Sunday, May 18, 2008

6:20 p.m. Creativity Stymied

One movie later -- Miss Potter -- and I'm feeling more myself. I also gorged on potato chips and Nerds, which may have put the sugar junky monkey at bay for now. It's not something I'm proud of, so we will not mention this again.

Here's the kicker, though, about watching a movie about a creative mind, who talks to her works of art, no less: you begin to wonder if she wasn't a little off in her head, and then you wonder why you, who may have this thing that many creative minds reputedly have had as well, cannot produce a creative work to save your life. Now, you're either substandard in the creativity department -- after all, whole worlds don't run around in your head, only a narrator who proceeds to narrate your entire life at sporadic moments when you should be sleeping -- or you're lazy.
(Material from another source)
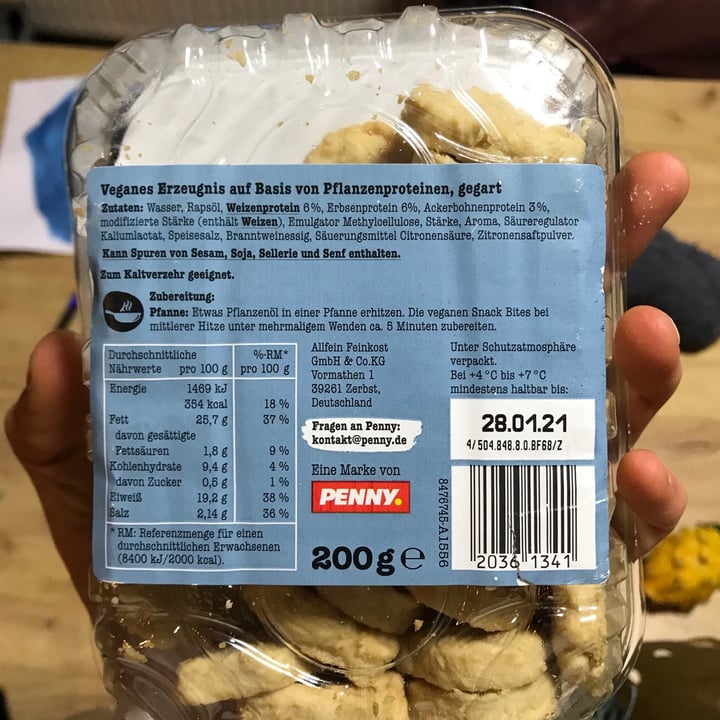 photo of Food For Future Snack Bites Classic shared by @david- on  19 Jan 2021 - review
When I think back on it, my most creative moments were at school: (1) at college when I lived by myself in a small efficiency, worked three jobs, and stayed up all hours of the night, just to get up for an 8 a.m. class and (2) in graduate school where I worked incessantly in my office, churning out paper after paper, essay after essay. If the professor wanted 20 pages, I'd write 40. I was mad with the working of it. And toward the end, burnt out, my stomach a wreck, and my digestive system with it.
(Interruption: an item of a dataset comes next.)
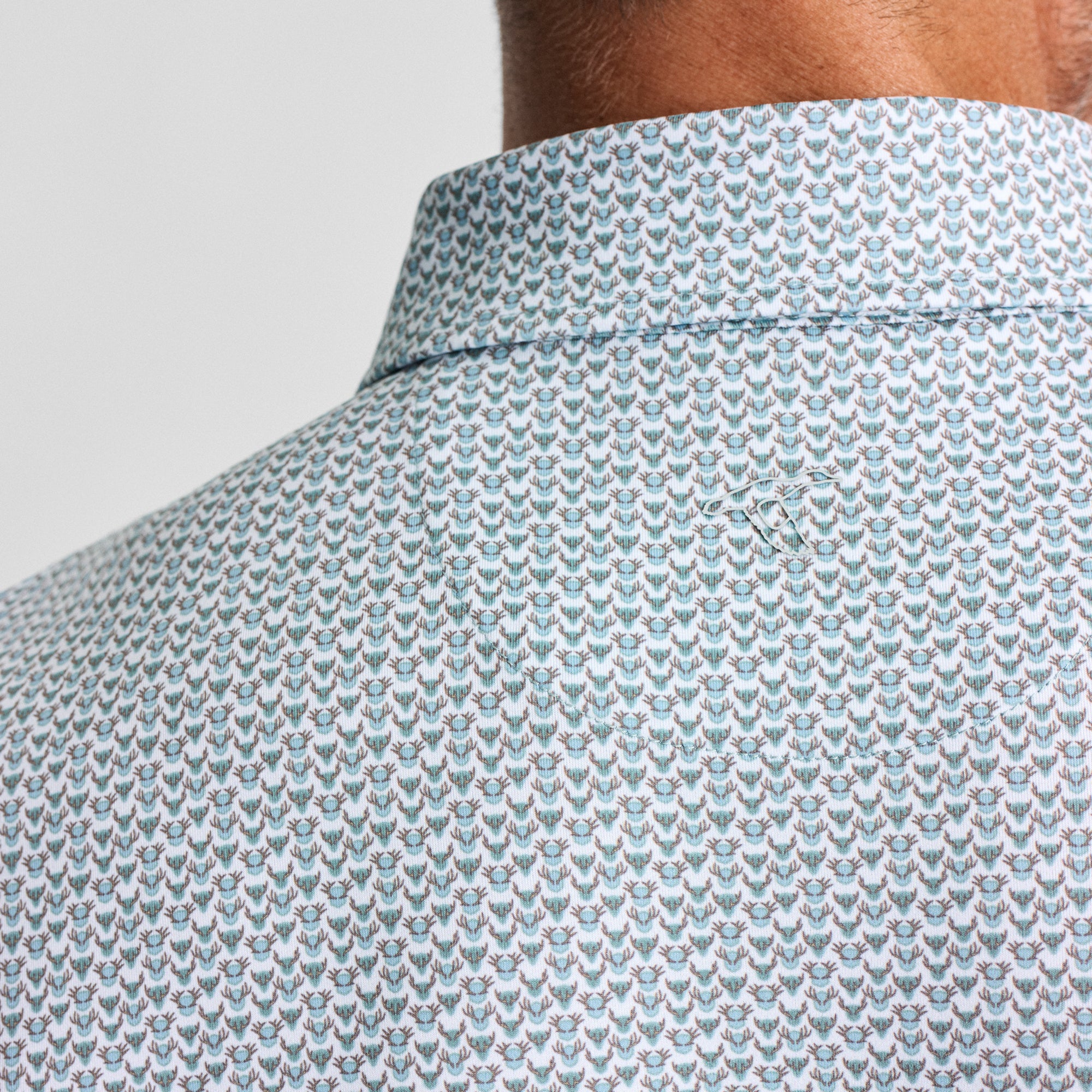 Trophy Printed Performance Polo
But then, I had something to show for it.

Of course, there was that brief flirting with a romance novel that got very close to 200 pps. once. Even then, I wrote in long, productive bursts, that suddenly fizzled, as if I'd shot my wad all at once, as did my confidence. So why am I able to start, but never able to finish? Why so abortive? Is it the depression that always creeps in, the lack of self? Was it the inevitable cycling that comes with hyperproductivity, or more to the point, hypomania?

Damn the depression. Where is my upswing?